-- Opening Marker --

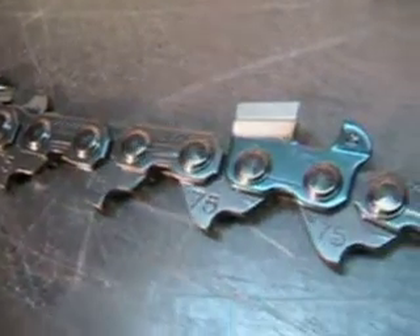And it's a 3H chain — that's a 75CJ — 063 gauge, skip sequence, chisel bit. Brand new, so you'll be ready to go.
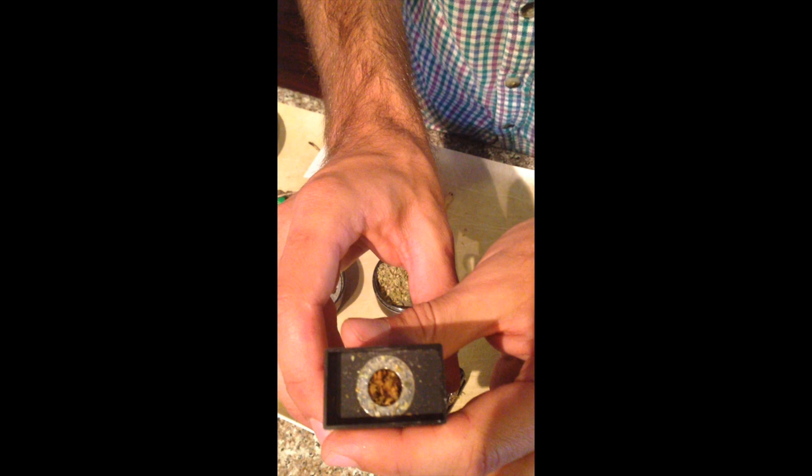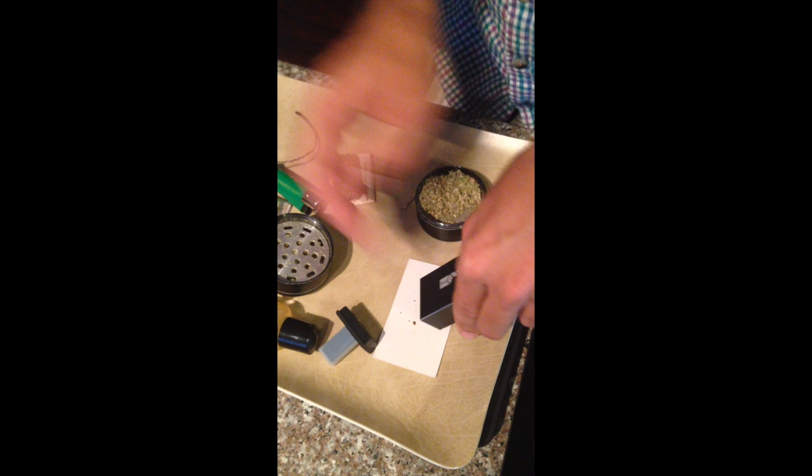So once you've got everything done, you see that the bud is no longer that nice green color — we've got a brown dry herb. The utensil comes in handy for packing and unpacking. I've essentially scorched the earth with that bud — it's definitely no longer green. And that worked efficiently as hell.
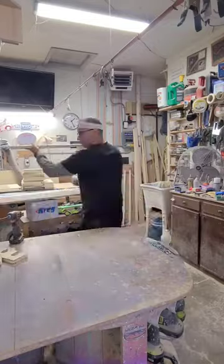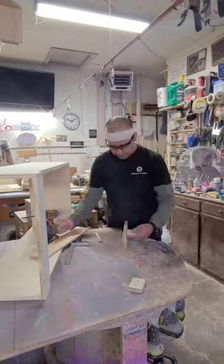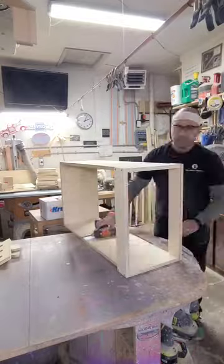This one's going to be a sanded-only unit with no stain or paint, so the customer gets it just like this. And then all I have to do is finish sand it, break all the edges, make sure that everything's smooth, and they'll be ready to put it together with no fuss.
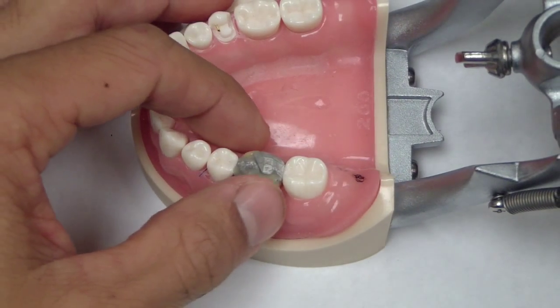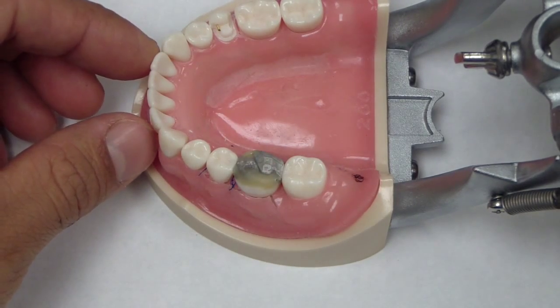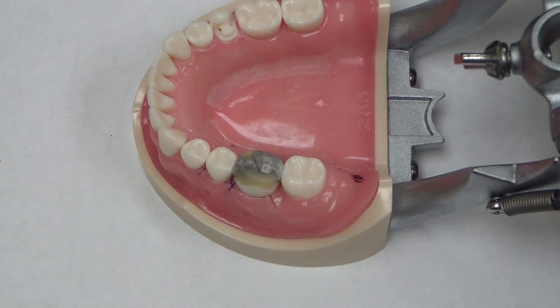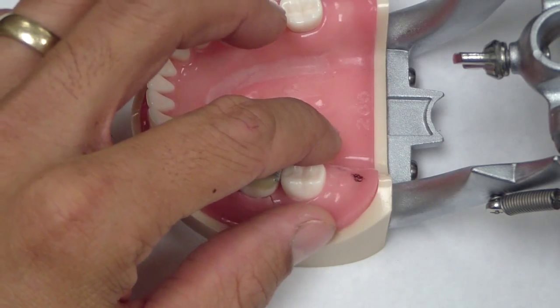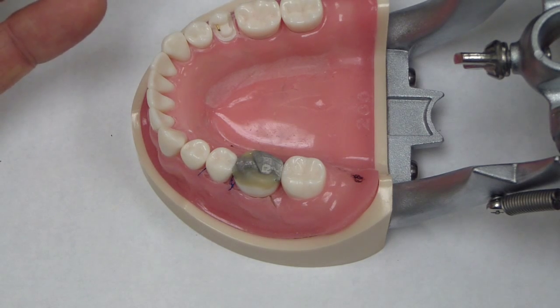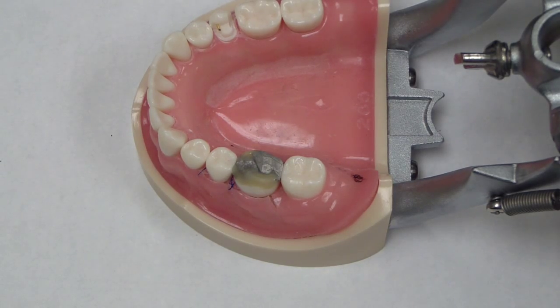Now you can see I've added some flowable — you can use whatever material you want; even wax will work in this situation. I'm building it up to the anatomy I want my provisional to look like and for the appropriate occlusion. At this point I'm going to fabricate a stent, and there are many different ways. You can use just putty, or you could take an alginate impression and pour up a set of models.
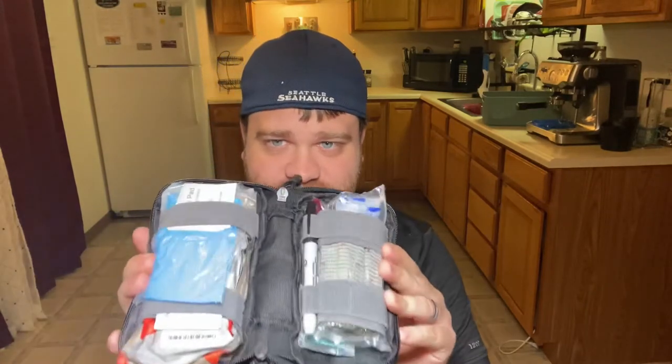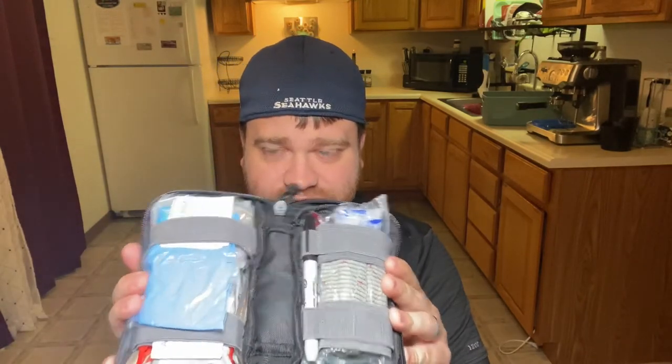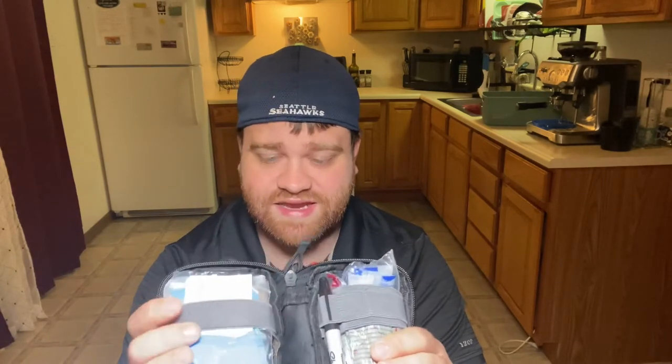I was able to get everything in here neatly, plus add a couple things like nitrile gloves, which brings me to my next point. If there were a couple things I would add to this kit to feel really good about it, I would add a decompression needle and nitrile gloves. And that would be an excellent place to start, just for a basic kit getting started out. Carrying this, I know that there are not many trauma-related injuries that I am ill-prepared to handle.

-- Closing Marker --

To do: Take the material above from its first line through the line holding "This one's going" and set it down exactly, without the pictures.

Answer area:
And it's a 3H chain — that's a 75CJ — 063 gauge, skip sequence, chisel bit. Brand new, so you'll be ready to go.
So once you've got everything done, you see that the bud is no longer that nice green color — we've got a brown dry herb. The utensil comes in handy for packing and unpacking. I've essentially scorched the earth with that bud — it's definitely no longer green. And that worked efficiently as hell.
This one's going to be a sanded-only unit with no stain or paint, so the customer gets it just like this. And then all I have to do is finish sand it, break all the edges, make sure that everything's smooth, and they'll be ready to put it together with no fuss.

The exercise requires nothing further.